I'm still learning and probably always will, it's becoming more fun.I still remember seeing the picture in a old Scale Modeler (I'm positive I don't have it anymore) of a 1929 roadster that had the smoothest and deepest black paint job I had ever seen on a model, I was thinking it was just unreal, then I read that he painted it with a brush!


----------



## John O (Mar 8, 2000)

slingshot392 said:


> I've found each brand has its own unique way of thinning, I virtually never use water as that tends to break down the binder.


Yes. It's a good idea when thinning, to add in some binder/medium. The binder weakens and it becomes easier to scrub up a dried layer when applying the next. With the artist's acrylics, I usually use a matt medium to beef up the binder a touch in my washes. 

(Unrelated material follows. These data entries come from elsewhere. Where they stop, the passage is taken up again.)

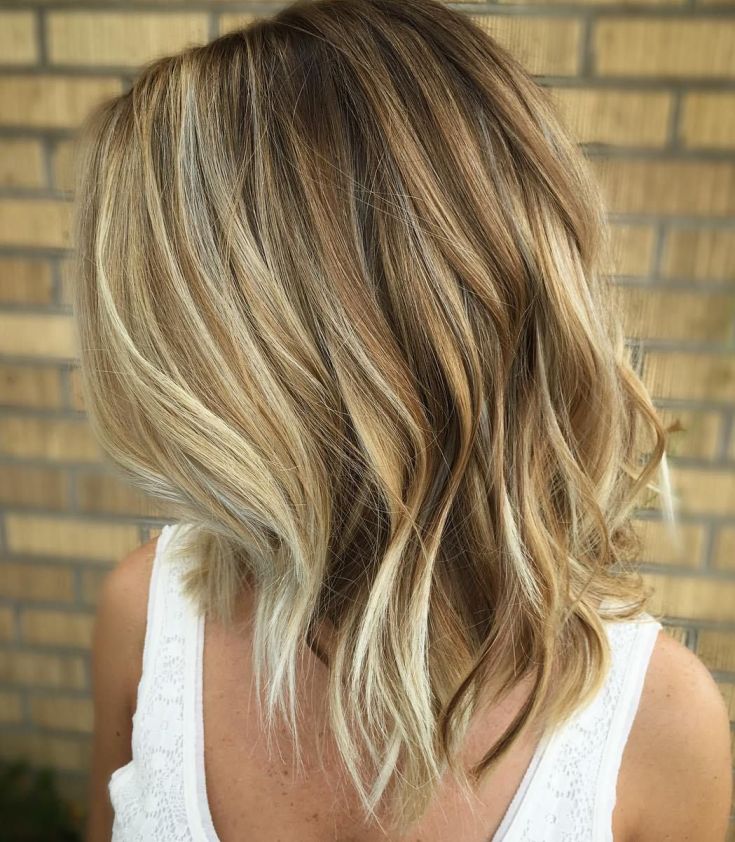 Mise en évidence sur une cascade de coupes de cheveux - les meilleures techniques pour les cheveux raides et bouclés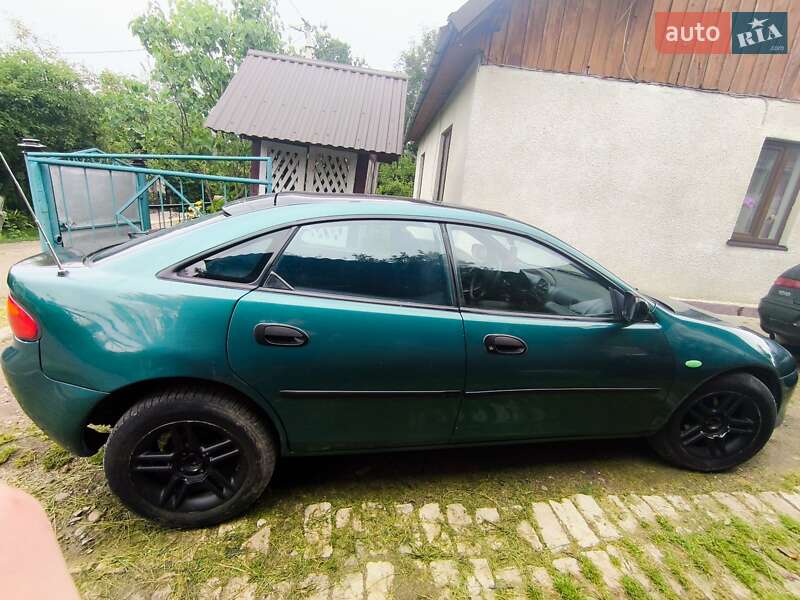 Хэтчбек Mazda 323 1996 в Глыбокой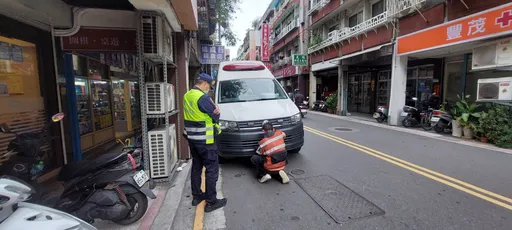 無牌民間救護車囂張違停 警到場發現駕駛在後座躺平爽睡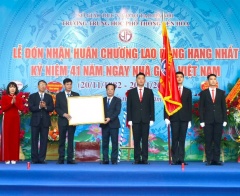 Trường THPT Yên Hòa (Cầu Giấy, Hà Nội) đón nhận Huân chương Lao động hạng Nhất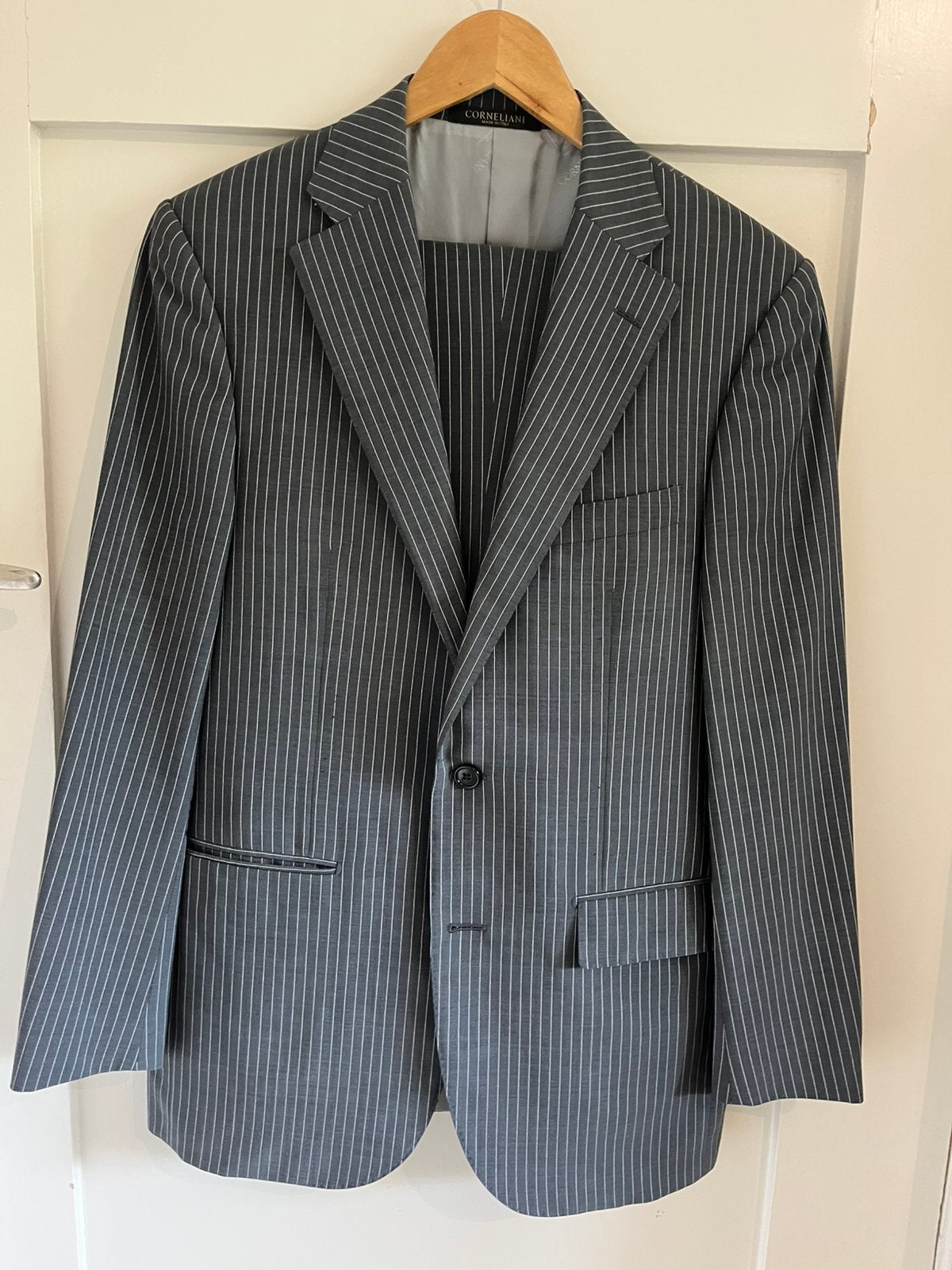 Te koop schitterend Corneliani kostuum mt 48 nu 175,-, Ophalen of Verzenden, Zo goed als nieuw, Maat 48/50 (M), Grijs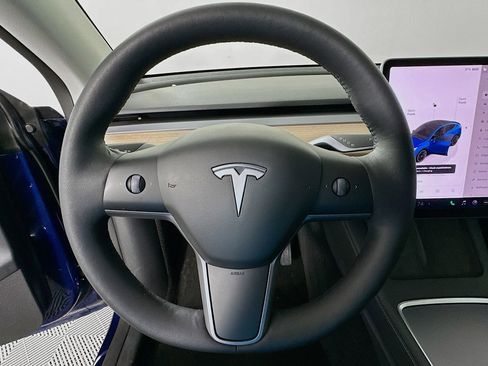 Used 2022 Tesla Model Y Long Range AWD/4WD image 11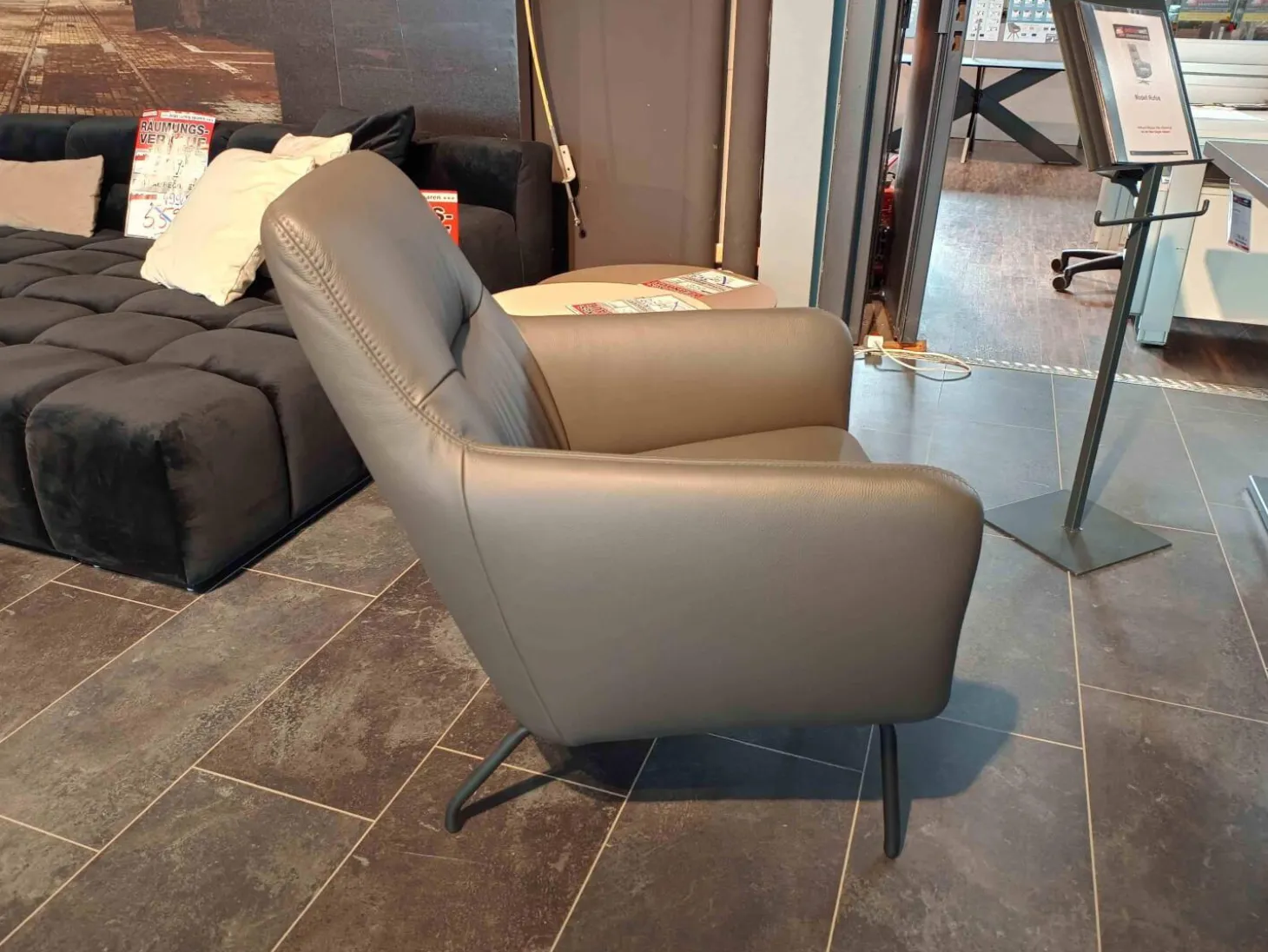 Sessel Rufus Leder W2 Anthrazit L20 Füße Metall Schwarz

Technically, when you add a medium to a colored wash or add color to a medium to acheive a translucent or transparent color, it is referred to as a "glaze." A glaze should also not be confused with "gloss," which of course describes the reflective quality of a shinny finish (gloss, semi-gloss, satin, matte, etc.).

John O.


----------



## Demoriel (Jan 4, 2010)

Great photos John. Nice work :thumbsup:




John O said:


> It sounds to me like you are describing the behaviour of Tamiya acrylics, which are not true arcrylics. The way they re-active is completely maddening.
> 
> For the artist acrylics I use, once they are dry to the touch, they are ready for the next layer. And that is the key with any paint, know what they are good at and exploit it rather than fight it. Acrylics are really good at transparent and transluscent layering.
> 
> ...


----------